El creador cinematográfico, si bien ve abrirse ante él perspectivas casi ilimitadas de expresión en virtud de las cualidades esenciales del cine, debe por otra parte enfrentarse a barreras casi infranqueables originadas por los imperativos económicos, la censura política y el público mismo, en gran parte adormecido, estragado y desconcertado por la producción industrial de films.
Hemos recurrido a Luis Buñuel, uno de los renovadores universales del lenguaje cinematográfico, para que nos hable de su experiencia frente a lo que él ha llamado “el instrumento de poesía más poderoso creado por el hombre”.
Es sabido que Buñuel tiene horror a lo que él considera exhibicionismo: conferencias, declaraciones, explicaciones de su actitud ideológica, aclaraciones sobre su estética cinematográfica.

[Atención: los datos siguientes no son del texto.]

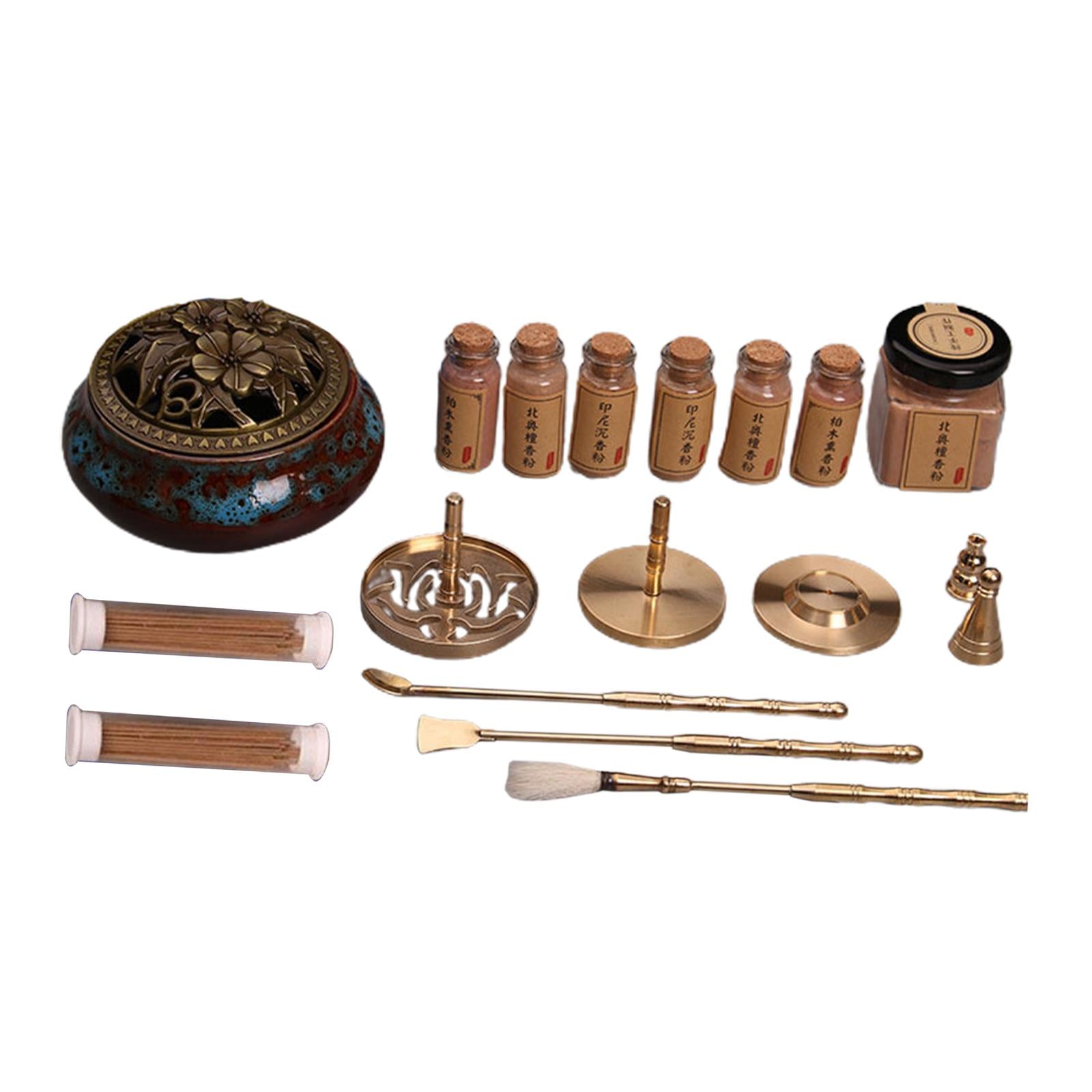 Brass Incense Burner Tool Copper Incense Road Suit for Bedroom Indoor Temple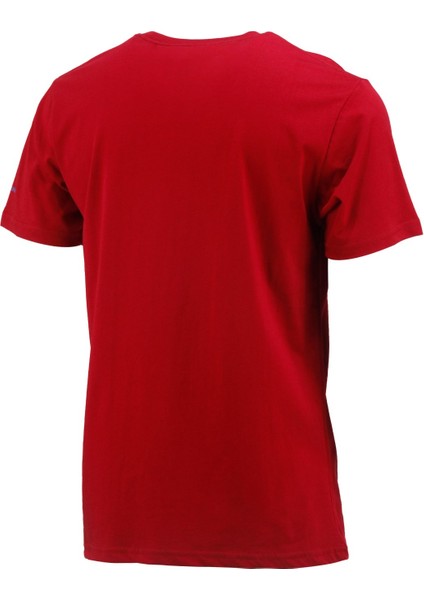 Erkek Bisiklet Yaka Standart Fit Göğüs Baskılı Bordo T-Shirt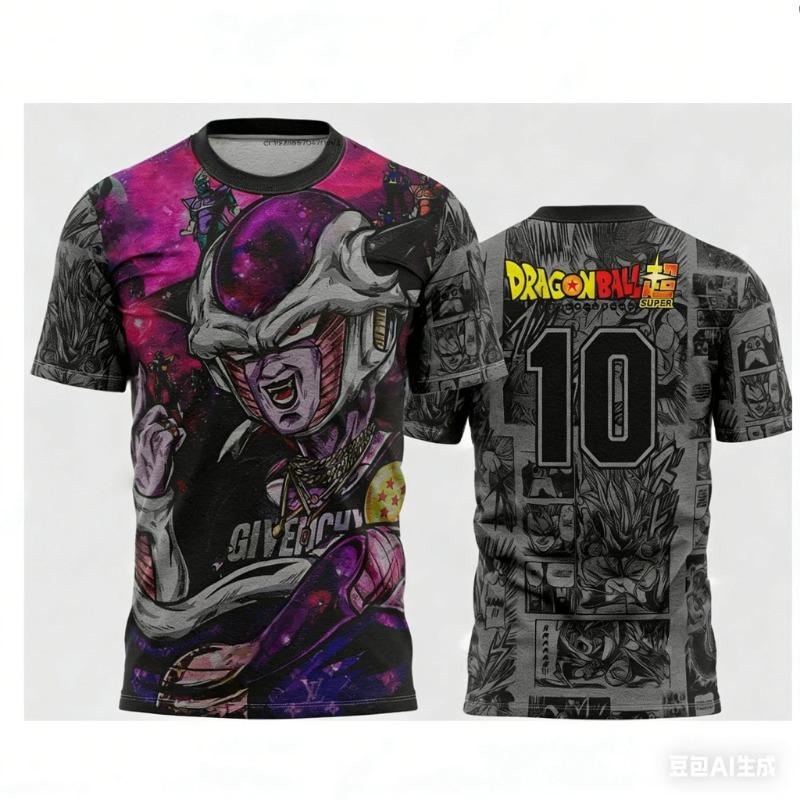 2026 Summer Dragon Ball Retro Fitness T-shirt Men's Oversized 3D Printed Short-sleeved Family Unisex Children's Sports Shirt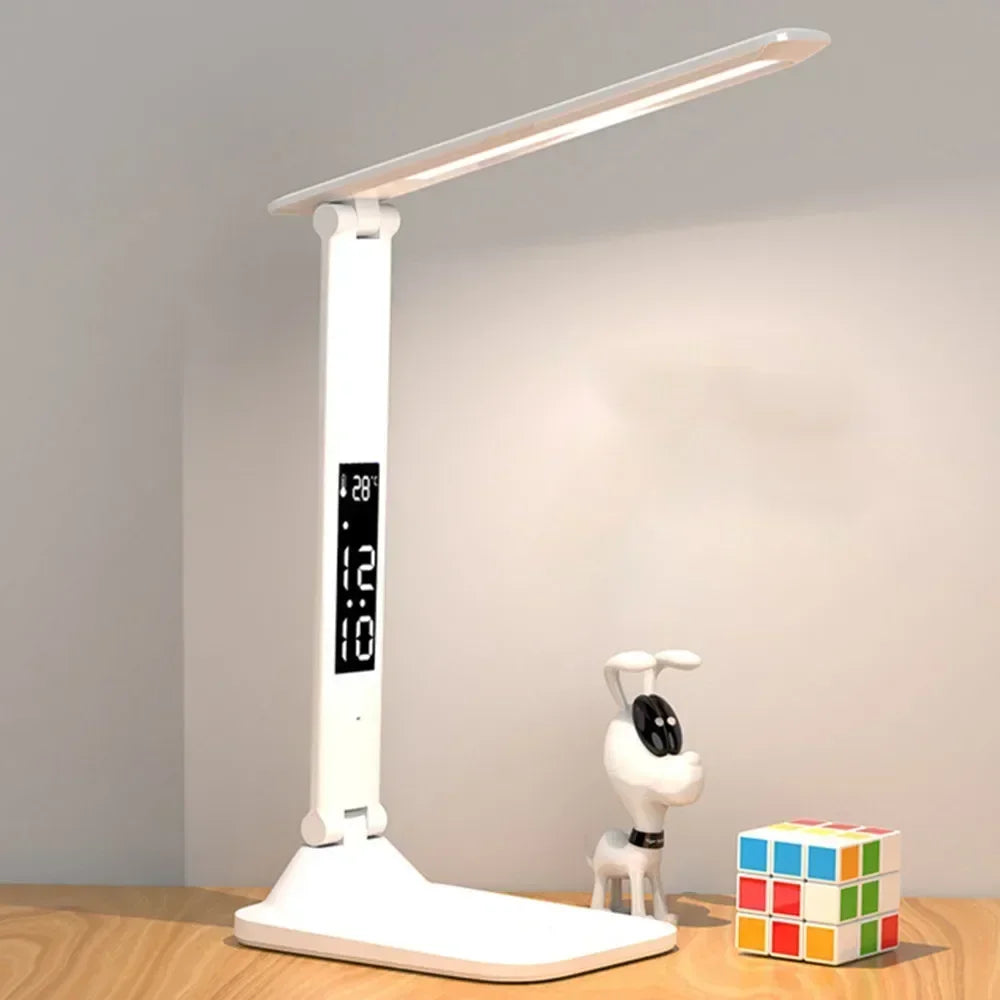 LED Desk Lamp USB with Calendar, Temperature, Clock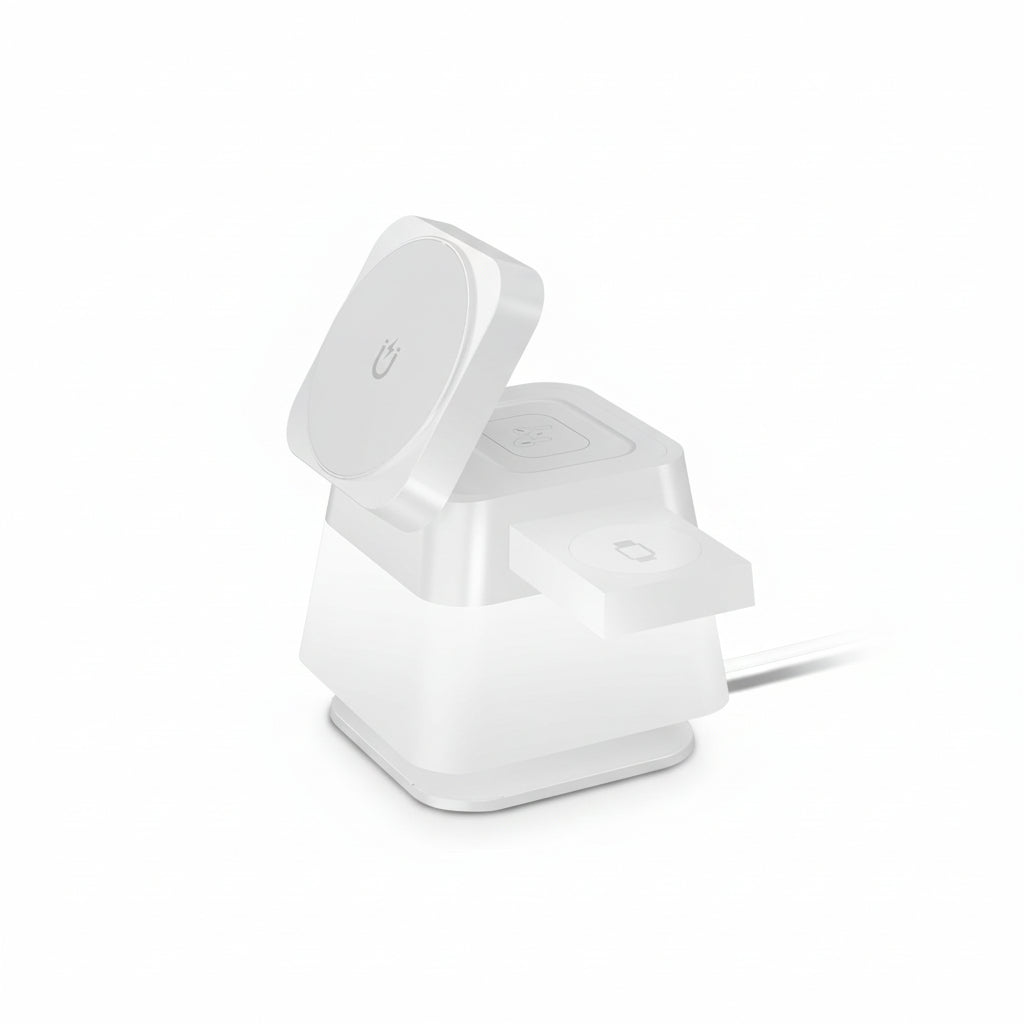 4-in-1 Rotatable Magnetic Wireless Charger Stand with Colorful LED Night Light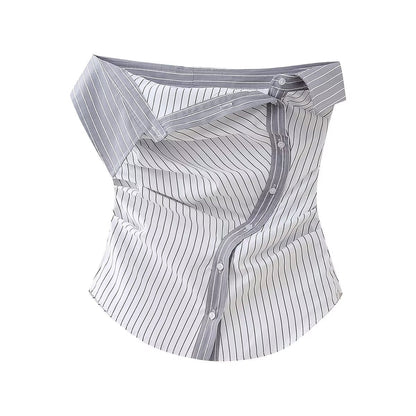 Variant image for Dam Blus Randig Färgblockering Polyester-1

Por esto agradecemos doblemente esta conversación.
Al margen de toda explicación personal del realizador, su obra entera, desde Un perro andaluz, hasta El Ángel Exterminador pasando por Él, Los Olvidados, Viridiana, Nazarín y desde luego La Edad de oro, da testimonio de una voluntad indoblegable de vencer todas las trabas que coaccionan a los verdaderos poetas del cine, así como de una rara fidelidad al espíritu de su juventud.

Manuel Michel. –Edgar Morin, sociólogo y filmólogo francés, acaba de publicar un libro sobre la llamada “cultura de masas”. Según él uno de los medios más importantes para la configuración de la sociedad moderna y un casi determinante de ella, es el cine. ¿Cómo considera usted el cine con relación a la sociedad y a este nuevo aspecto de la cultura, la “cultura de masas”?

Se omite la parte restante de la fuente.